### Activity
Go through the listing and pick out each line with the word "image" in it.

### Exercise materials
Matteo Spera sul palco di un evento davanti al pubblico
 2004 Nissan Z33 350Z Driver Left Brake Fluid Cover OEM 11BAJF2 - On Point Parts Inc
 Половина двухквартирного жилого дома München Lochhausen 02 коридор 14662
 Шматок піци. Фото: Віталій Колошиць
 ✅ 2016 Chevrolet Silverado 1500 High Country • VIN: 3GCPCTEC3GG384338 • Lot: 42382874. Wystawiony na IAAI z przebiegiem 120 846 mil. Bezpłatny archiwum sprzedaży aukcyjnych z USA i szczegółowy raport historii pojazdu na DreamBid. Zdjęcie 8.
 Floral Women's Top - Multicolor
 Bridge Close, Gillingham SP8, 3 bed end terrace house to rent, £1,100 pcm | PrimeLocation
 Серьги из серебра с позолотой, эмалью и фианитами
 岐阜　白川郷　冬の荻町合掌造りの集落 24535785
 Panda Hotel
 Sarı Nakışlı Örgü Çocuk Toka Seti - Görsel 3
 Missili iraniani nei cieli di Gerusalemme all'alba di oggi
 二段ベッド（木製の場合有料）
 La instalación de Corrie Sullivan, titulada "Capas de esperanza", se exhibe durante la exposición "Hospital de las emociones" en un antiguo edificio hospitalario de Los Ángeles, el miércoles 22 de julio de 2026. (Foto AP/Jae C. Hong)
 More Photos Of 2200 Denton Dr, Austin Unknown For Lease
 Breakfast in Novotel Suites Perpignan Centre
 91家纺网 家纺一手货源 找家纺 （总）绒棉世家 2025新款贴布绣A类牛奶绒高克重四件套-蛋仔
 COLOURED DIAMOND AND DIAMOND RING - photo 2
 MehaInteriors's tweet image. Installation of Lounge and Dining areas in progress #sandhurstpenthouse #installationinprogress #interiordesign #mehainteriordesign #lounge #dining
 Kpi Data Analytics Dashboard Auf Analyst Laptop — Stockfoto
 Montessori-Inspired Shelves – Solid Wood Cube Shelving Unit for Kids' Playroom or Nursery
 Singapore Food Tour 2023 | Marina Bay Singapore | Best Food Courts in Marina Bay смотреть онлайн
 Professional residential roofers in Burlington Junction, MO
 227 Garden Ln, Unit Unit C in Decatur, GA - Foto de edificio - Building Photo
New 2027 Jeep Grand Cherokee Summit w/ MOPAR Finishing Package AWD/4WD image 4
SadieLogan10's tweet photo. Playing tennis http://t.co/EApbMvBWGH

### Your solution
 MehaInteriors's tweet image. Installation of Lounge and Dining areas in progress #sandhurstpenthouse #installationinprogress #interiordesign #mehainteriordesign #lounge #dining
New 2027 Jeep Grand Cherokee Summit w/ MOPAR Finishing Package AWD/4WD image 4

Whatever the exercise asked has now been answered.